Say what you will about Rupert Murdoch. He is arrogant. He is too powerful. He has a lot of money that would surely be spent more admirably by Microsoft-free Bill Gates. By I have to hand it to him; he was right about The Wall Street Journal.

Many people shuddered when ol’ Rupert made his bid to buy The Journal’s publisher Dow Jones (me included). We already have an absurd amount of media conglomeration in this country, and not just with news outlets. George W. Bush’s tight relationship with the Mays family, for example, further exacerbated the laughable state of American radio set in motion by the Telecommunications Act of 1996. Clear Channel’s overbroad ownership of 30%+ of all radio stations mocks the notion that the FCC is protects local airwaves for the citizenry. Apparently if you give enough to the ruling party, you’re corporate monster can gobble up whatever it wants and merge radio, TV, and advertising to its heart’s content.

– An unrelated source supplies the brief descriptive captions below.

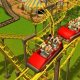 RollerCoaster Tycoon 3 arriva sui dispositivi iOS in formato premium e senza microtransazioni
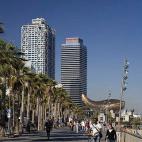 5c8b3520360000c81a6cb8f6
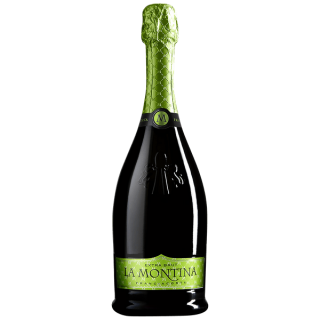 VIN SPUMANT FRANCIACORTA EXTRA BRUT (D.O.C.G.)
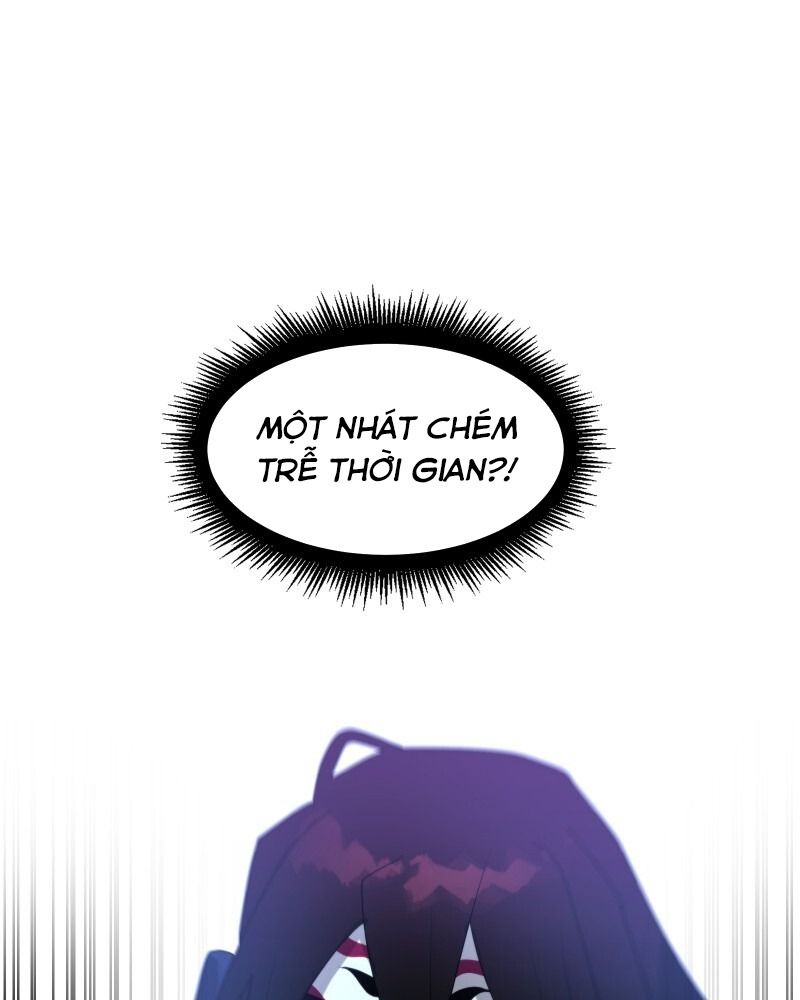 Lữ Khách Trên Mây Chapter 19 - Trang 2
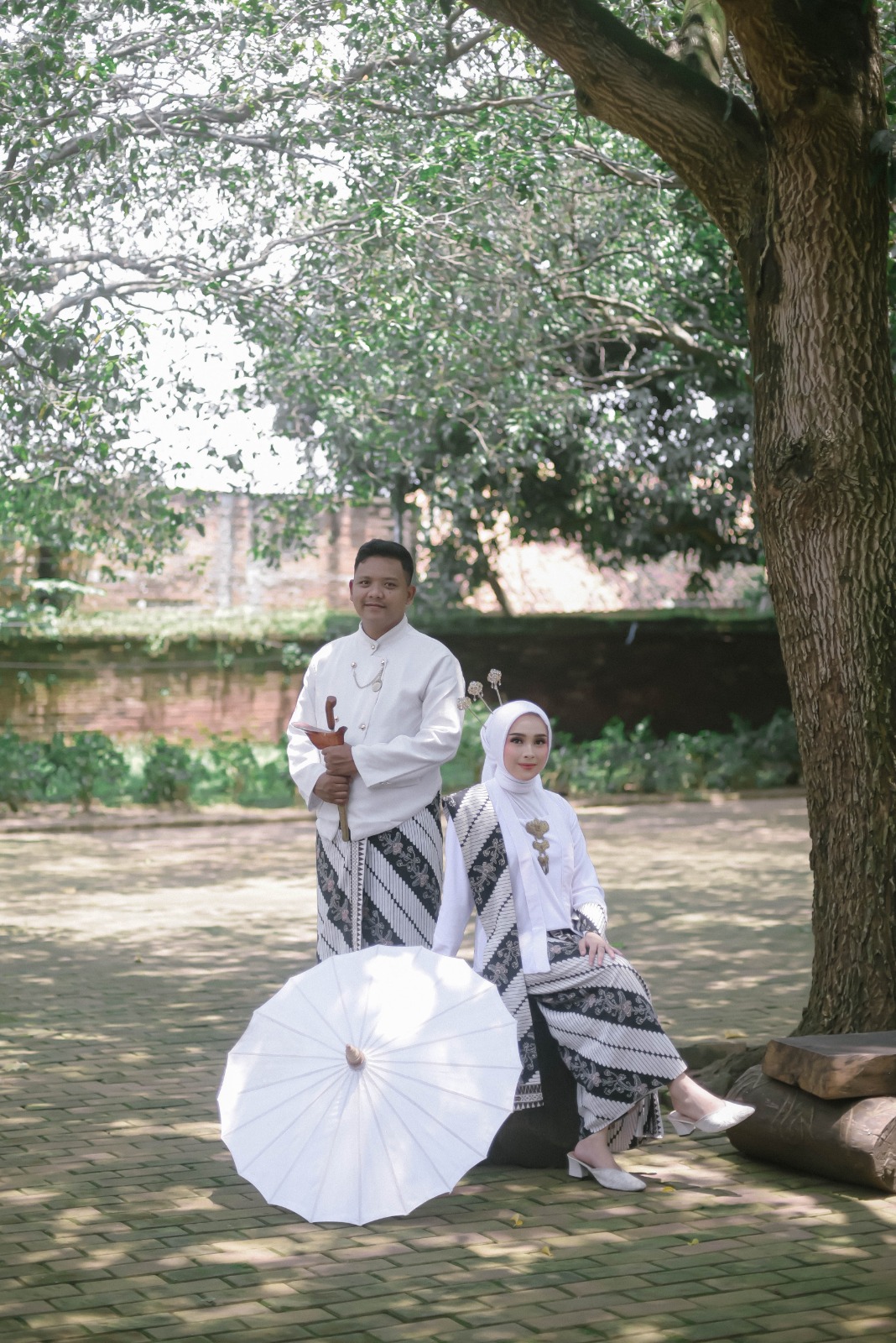 WhatsApp Image 2026-03-31 at 00.46.18 (2)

All of that said, I have to admit Murdoch knew what he was doing with The Wall Street Journal. It is way better now as head-on competitor to The NY Times than it ever was a purely haughty financial paper. In fact, less some of the more elaborate sections on living, food, etc that I rarely read anyway, The Journal is every bit the daily general-interest news paper as The Times, sans the bleeding liberal bent. I used to scan only the front page and editorials but it has now has become my personal ‘paper of record’.